15 may 2014 . Actualizado a las 07:00 h.

La normalidad democrática solo se consigue si hay alternancia en el poder, y si podemos escoger entre partidos o coaliciones coherentes que, teniendo posibilidades de gobernar, mantienen criterios diferentes sobre la sociedad y sus principales problemas. Robert A. Dahl, el gran teórico de la democracia recientemente fallecido, lo resumía así: «El Gobierno democrático se caracteriza fundamentalmente por su continua aptitud para responder a las preferencias de sus ciudadanos, sin establecer diferencias entre ellos».

Partiendo de esta visión tan práctica y sencilla, no solo es evidente que la idea de una gran coalición debe ser una excepción democrática, sino que también hay que revisar la fiebre social de consensos que, en aras de una cierta pacificación de la política y de una idílica disminución de la confrontación y los debates, quiere obligar a los grandes partidos a pactar todos los asuntos del Estado. La lógica de la democracia es el contraste de pareceres, y cada vez que nos vemos obligados a rebajar este contraste, cualquier que sea la razón para hacerlo, entramos en una situación anómala.

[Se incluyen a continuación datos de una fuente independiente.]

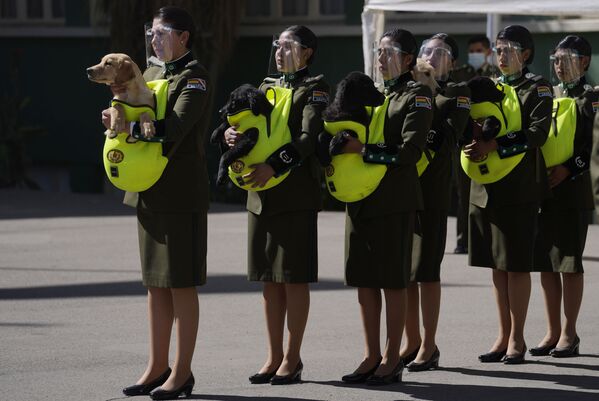 Полицейские представляют щенков для дрессировки во время церемонии в Национальной полицейской академии в Ла-Пасе, Боливия - Sputnik Южная Осетия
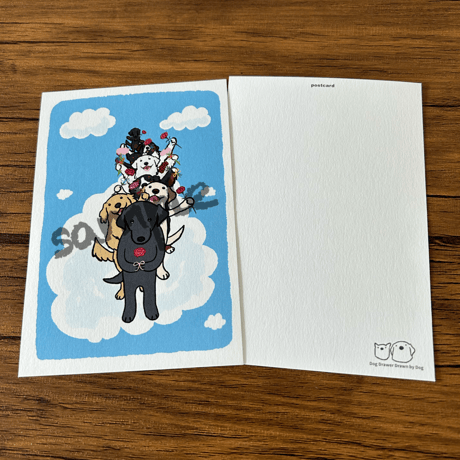 ミニチュアダックスフント | STORES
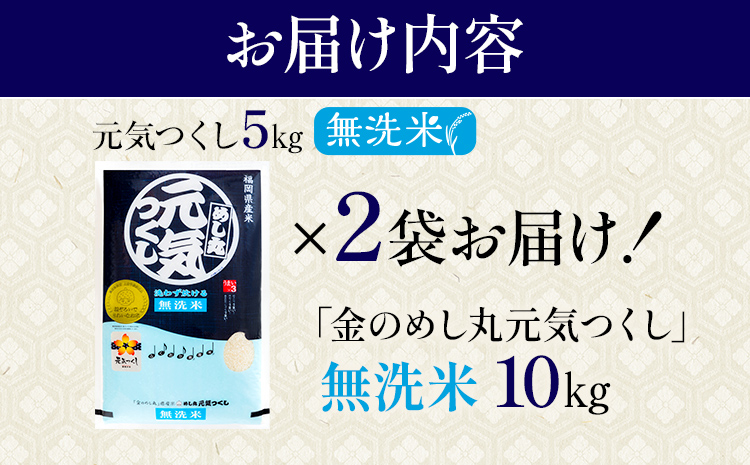 【無洗米】令和7年産 金のめし丸 元気つくし 精米 10kg（5kg×2） 米 無洗米 元気つくし 森光商店 老舗 福岡 お米 ごはん ご飯 お弁当 おにぎり 金のめし丸県産米 福岡ブランド米 めし丸 志免 志免町 福岡県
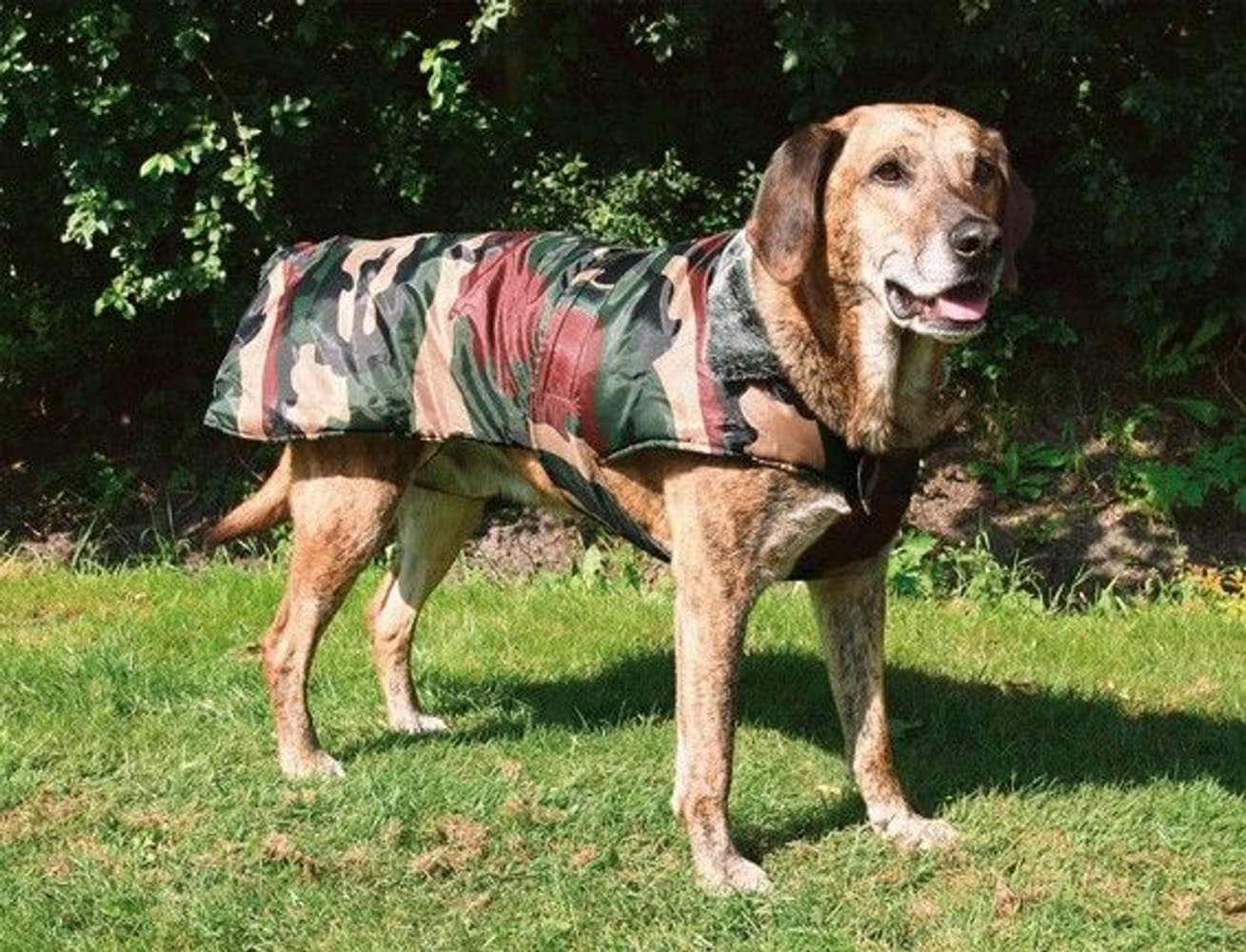 Hundevest Kamuflasje 70 cm, view: 0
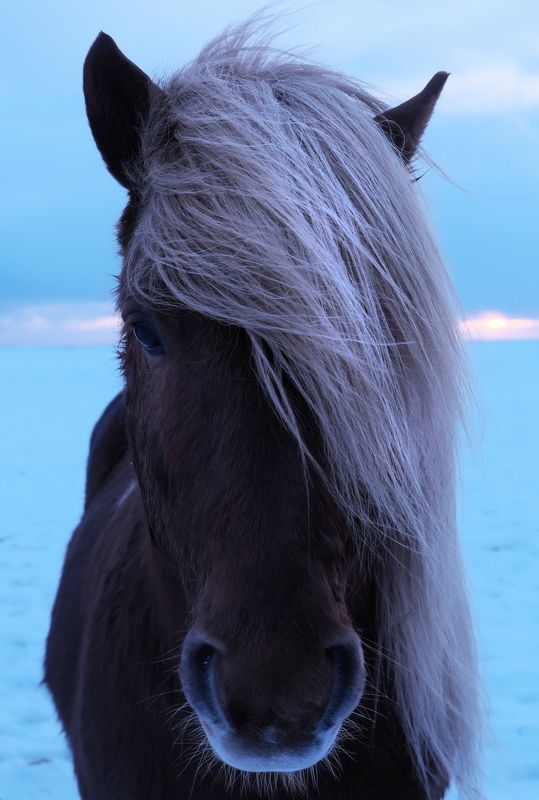 портрет, лошадь, север, арктика, исландия, portrait, horse, north, arctic, iceland Портрет блондинкиphoto preview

Claro que la gran coalición -el pacto de poder entre los partidos que representan una alternativa- no es la peor situación de la democracia, ni la que más destruye la esencial confrontación de pareceres. Porque lo que verdaderamente pone en peligro la democracia es el desgobierno, la imposibilidad de alumbrar coaliciones coherentes que sean capaces de asumir y ejercer el poder, o la formación de coaliciones incoherentes que supongan un peligro para la estabilidad de la sociedad y la democracia. Y esta situación suele producirse por lo contrario de la gran coalición: una fragmentación excesiva del arco parlamentario que obliga a las mayorías a aceptar y favorecer las imposiciones no sistémicas de las minorías.

¿Y que sería una imposición no sistémica de una minoría? Pues, por ejemplo, que un Gobierno del PP se viese condicionado a gobernar con CiU y aceptar irresponsablemente las dinámicas disgregadoras de Artur Mas. O que el PSOE, otro ejemplo, se viese forzado a hacer políticas antieuropeas y a jugarse el ajuste fiscal -tan trabajosamente conseguido-, para poder gobernar con Cayo Lara.

Por eso es importante poner negro sobre blanco la gran coalición que Felipe González metió en la agenda electoral. Porque, aunque no sea el horizonte ideal ni deseable de la democracia, nadie debe tener duda de que si la gobernabilidad o el sistema entran en grave crisis, habrá una gran coalición que los restaure. Otra cosa sería traicionar a la inmensa mayoría del electorado que permanece fiel al sistema, y poner al país bajo la amenaza del caos político y económico. Por eso tiene más razón González que Rubalcaba, aunque lo haya dicho, en perspectiva electoral, en el momento más inoportuno.